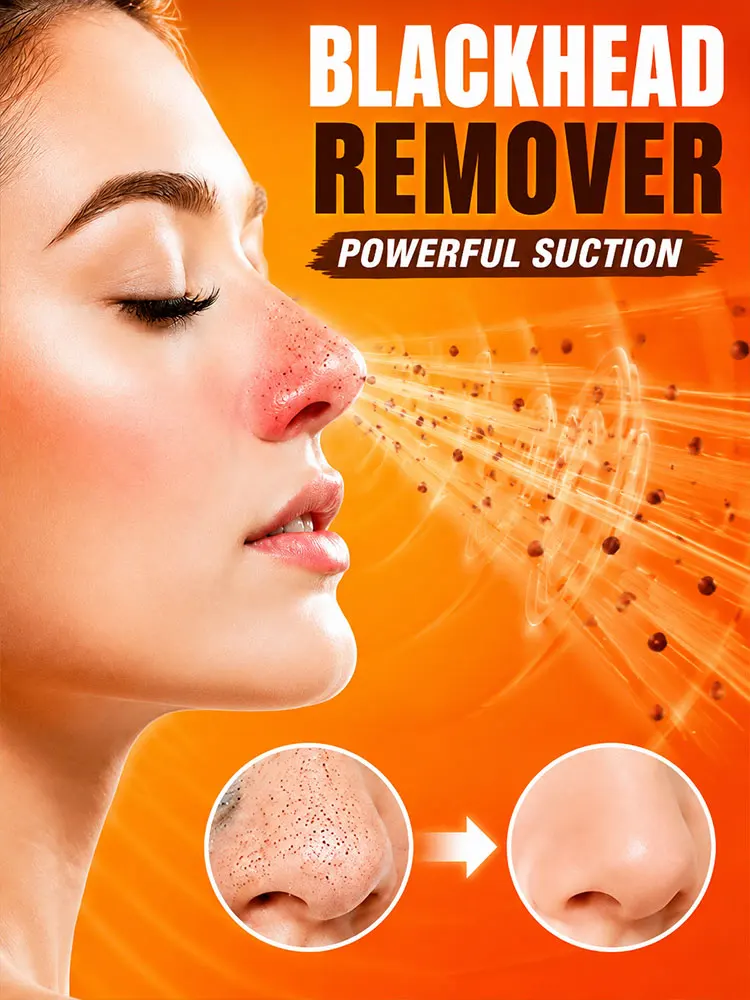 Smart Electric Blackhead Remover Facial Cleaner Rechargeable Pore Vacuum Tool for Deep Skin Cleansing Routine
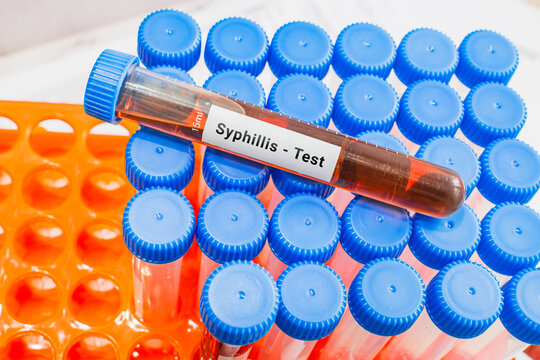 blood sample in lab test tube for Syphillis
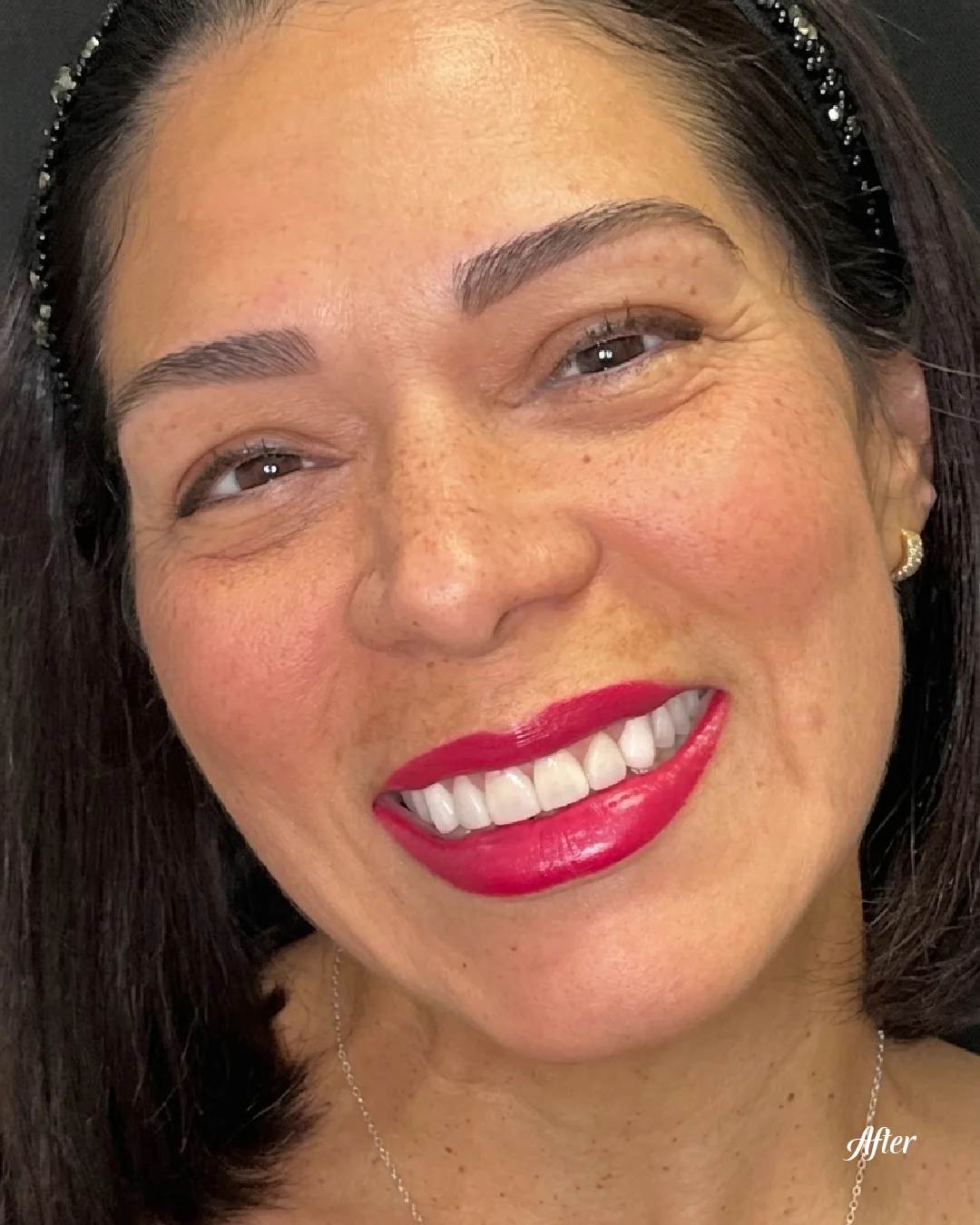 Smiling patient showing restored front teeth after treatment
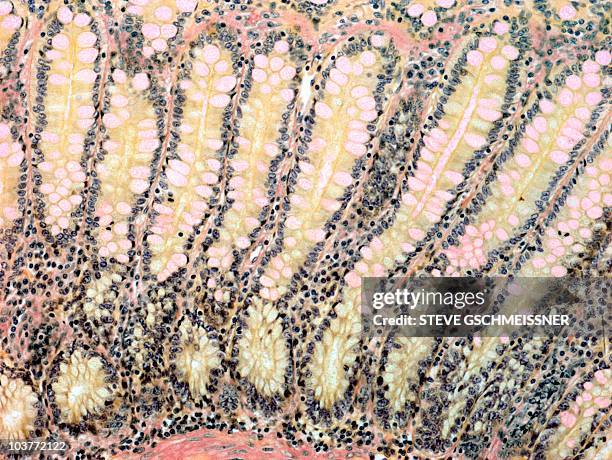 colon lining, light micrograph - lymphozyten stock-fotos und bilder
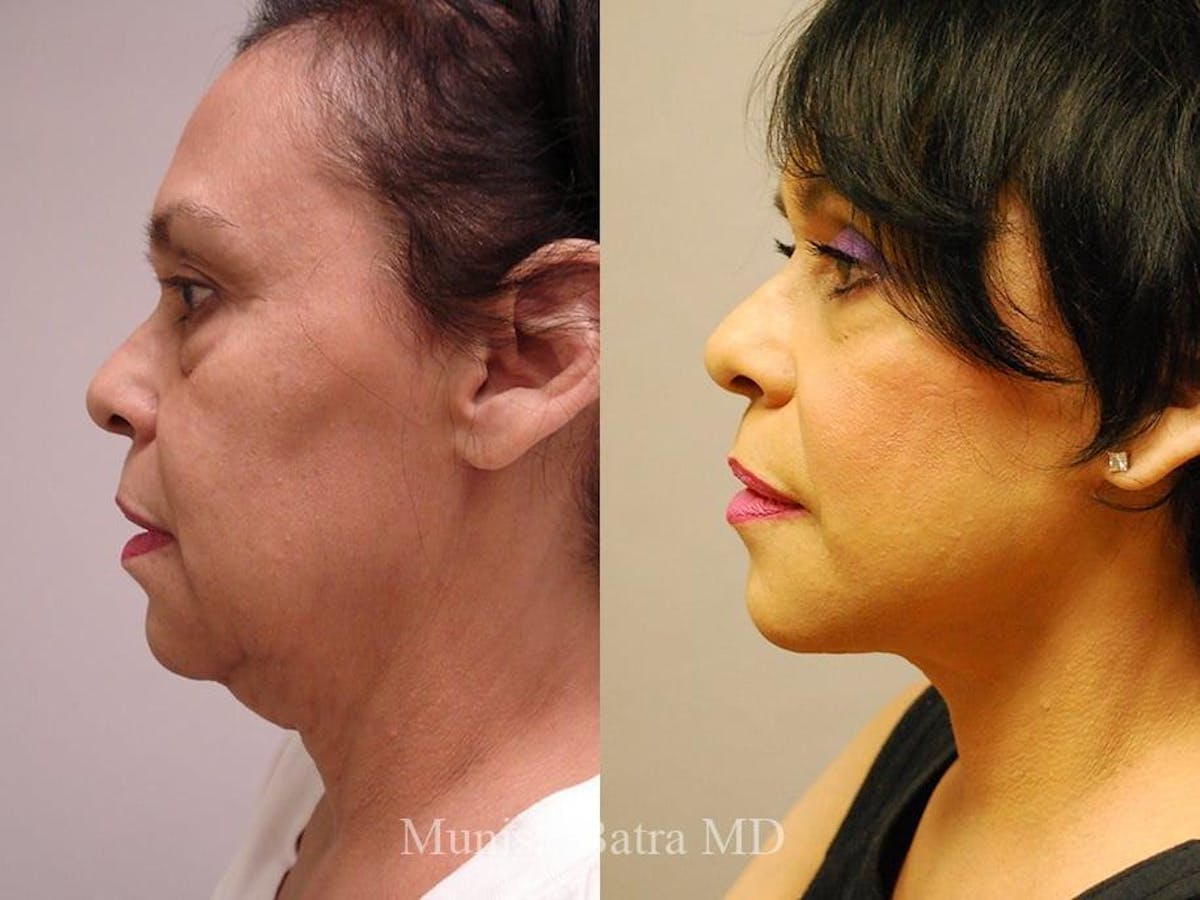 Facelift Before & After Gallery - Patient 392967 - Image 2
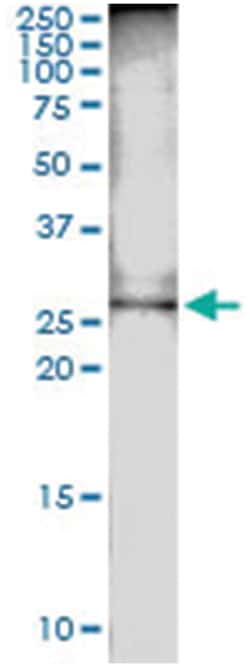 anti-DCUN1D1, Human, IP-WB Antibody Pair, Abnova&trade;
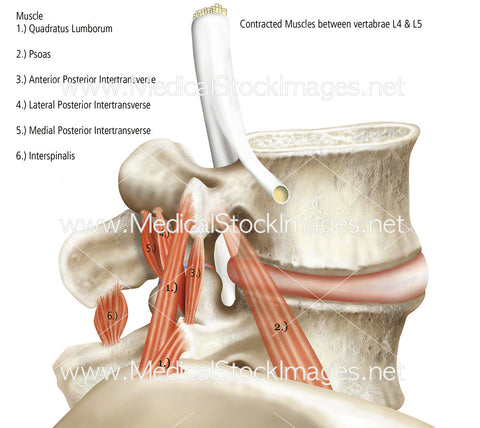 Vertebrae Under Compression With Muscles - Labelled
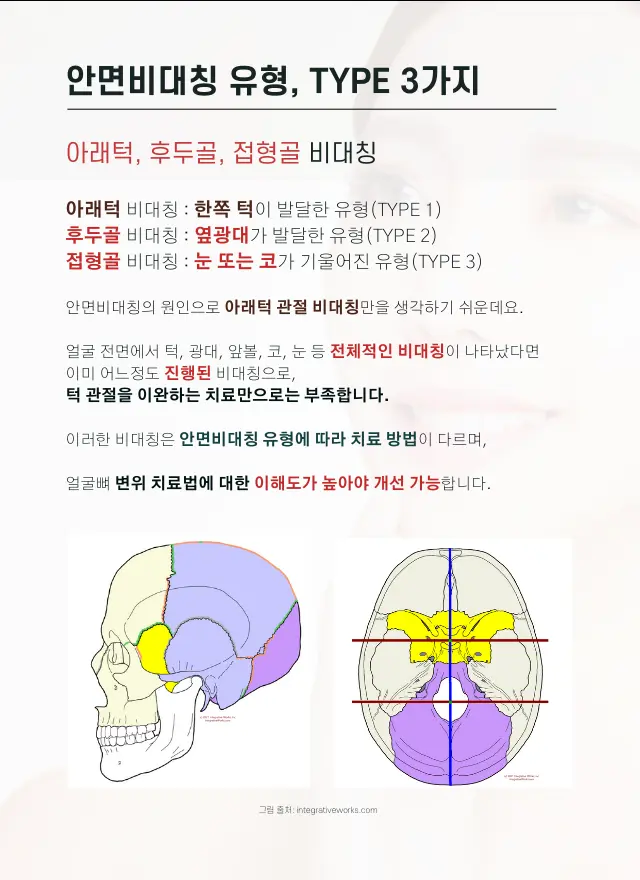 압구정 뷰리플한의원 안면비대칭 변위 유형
═══
▶ Action item
Only one thing is required: an exact printout of the lines from the line containing "anti-DCUN1D1, Human, IP-WB" through the last line of the records, pictures excluded.

▶ Written solution
 anti-DCUN1D1, Human, IP-WB Antibody Pair, Abnova&trade;
 Vertebrae Under Compression With Muscles - Labelled
 압구정 뷰리플한의원 안면비대칭 변위 유형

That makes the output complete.